By: Brendan Gilmartin - VP, Research And Content
Alcoa (NYSE:AA) is scheduled to report Q1 2013 earnings after the closing bell on Monday, April 8. A conference call will follow at 5:00 p.m. EST. Alcoa is a critical release, as the company is the first member of the Dow 30 to report quarterly results and is often viewed as a proxy for the ensuing earnings season. The results may therefore have an impact across the broader market, including the index futures and ETFs.
Outliers And Strategy
Alcoa is seen posting EPS of $0.10 for the Q1 period (below the $0.13 projected 90 days earlier) (Source: Yahoo Finance). The range of estimates is from $0.04 to $0.16. Revenues are seen falling 1.2% to $5.93 bln.
On the London Metal Exchange (LME), aluminum prices declined throughout the quarter, dropping close to 10%.
Alcoa shares tend to see minimal movement off earnings, while the index futures (S&P & Dow E-mini) fluctuate more heavily given the psychological impact from the Dow's first quarterly earnings release.
On February 22, Noranda Aluminum reported "stable" demand, despite low LME aluminum prices which were offset by reduced natural gas prices.
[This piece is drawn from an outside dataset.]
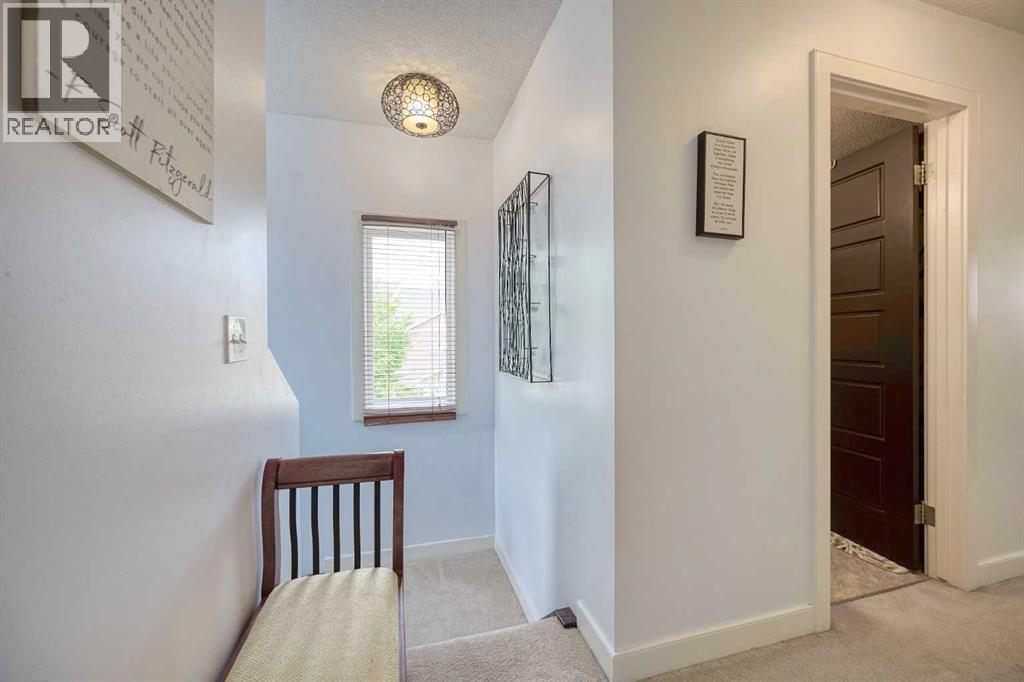 Single Family House for Sale in  Pantego Lane NW Panorama Hills Calgary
Total segment profits were also sharply higher quarter/quarter.
04/02: The leading automakers reported stellar results for the month of March, a sign that demand for raw materials such as aluminum remains strong:
- GM reported March sales were the highest in 5 years, citing a strengthening economy and new products.
- Ford delivered its best monthly results since May, 2007.
- Toyota said sales were the strongest since August 2009, thanks to improving economic conditions.
03/31: The National Bureau of Statistics in China reported the manufacturing purchasing managers index (PMI) improved by 0.8% month over month to 50.9%, with automobile manufacturing remaining comfortably above the 50% threshold.
Alcoa shares have come under heavy selling pressure ahead of the Q1 2013 earnings release, with the Relative Strength Index dipping toward the 30-level - an area that generally signals an oversold scenario. Should earnings disappoint, downside appears pretty limited, with the November low near $8.00 offering near-term support. Should earnings either meet tempered forecasts or surprise to the upside, look for initial resistance at $8.50, just below the 200-Day SMA, followed by $8.90. (Chart courtesy of StockCharts.com)
Alcoa shares have been tracking the decline in London aluminum prices, slipping to the lowest level since late November. Despite the weak prices, demand appears stable, evidenced by the recent flurry of positive sales reports from the top U.S. automakers, while signs point toward an uptick in the global economy, particularly in China. Furthermore, Alcoa is trading at a relatively steep discount to Book Value ($12.36), while the company continues to slash debt, shore up its balance sheet to maintain its favorable credit profile, and forecast global aluminum demand growth of 7%, up from 6% in 2012. Barring a loss for the quarter, much of the weakness on pricing looks factored into the shares at these levels.